一連の問題点を私が分析できる理由は、自身がCEOを務める投資顧問会社「NEKO PARTNERS INC」が、機関投機家に匹敵する「システム」を装備しているからだ。
コンピューターを担当しているのは、暗号資産の分野からスカウトしたロシア人と中国人のエンジニアだ。
コンピューターの購入に当たって、ロシア人から「核爆弾をシミュレーションできる」という数十億円単位の見積もりを手渡された。さすがに断ったものの、SBI証券が使用しているものと同程度の性能のあるコンピューターを入手し、同程度以上のアルゴリズムとAIの開発に成功した。
回線については通信速度という「質」はもとより、取引所からの「距離」も考えて、23区内のある場所に「NEKO」のセンターを構えた。機関に匹敵するほどの資本量があることは言うまでもない。
現在の私が企業の成長力やトレンド、チャートなどを精査する「王道の投資」を楽しめるのも、「捕食者」としての立場を確保しているからだ。人間なので失敗もするが、それを埋め合わせる担保なしに株取引を楽しむほど、私は勇敢ではない。
「ボラ」の高い銘柄こそ、「捕食者」の生息域
コンピューターとエンジニアと莫大な資本が支配しているのが、現在の株取引のシビアな現実だ。
では個人投資家は諦めなければなければならないのか――
答えは半分「イエス」だ。生き残るために第一に考えなければならないのが、「捕食者」の生息域だ。
ミリ秒単位で「銭」を積み上げるということは、短期間で株価が乱高下する必要があるということだ。

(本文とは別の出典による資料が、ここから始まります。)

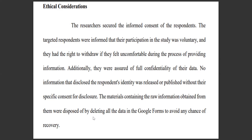The last point: the materials containing the raw information obtained from them were disposed of by deleting all the data in the Google Forms to avoid any chance of recovery. This one is on the disposal of data when we use Google Forms as a tool for doing our survey.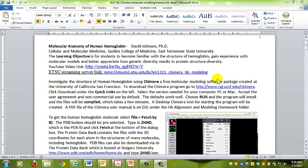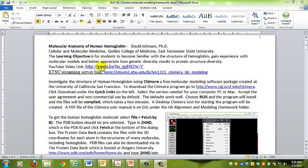This is Dr. David Johnson in Cellular and Molecular Medicine at Quillen College of Medicine. This video is a step-by-step guide on how to do molecular modeling of hemoglobin, to look at the hemoglobin structure and better understand it. I titled it the molecular anatomy of human hemoglobin because it's looking at molecules much like you looked at the body in your human body course when you started medical school.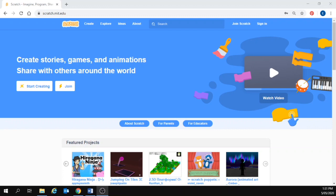Here I am on the Scratch homepage. If you want to get started straight away, you can go to create up in the top left hand corner.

狙われるのは投資用語で言う「ボラ(ボラリティ=変動幅)が高い」銘柄だ。
父と娘が揉めに揉め資金調達困難になった時の「大塚家具」、あるいはCEOだったカルロス・ゴーン氏が金融商品取引法違反容疑で逮捕され時の「日産」など、スキャンダルが生じた企業は「捕食者」が群れる場所だ。開発中だった私のシステムが「捕食者」の存在を伝えてきたので間違いない。
そこは「銭」を求めて「捕食者」が「捕食者」を食い合い、法規制が追いつかないということで、「無法地帯」となっている。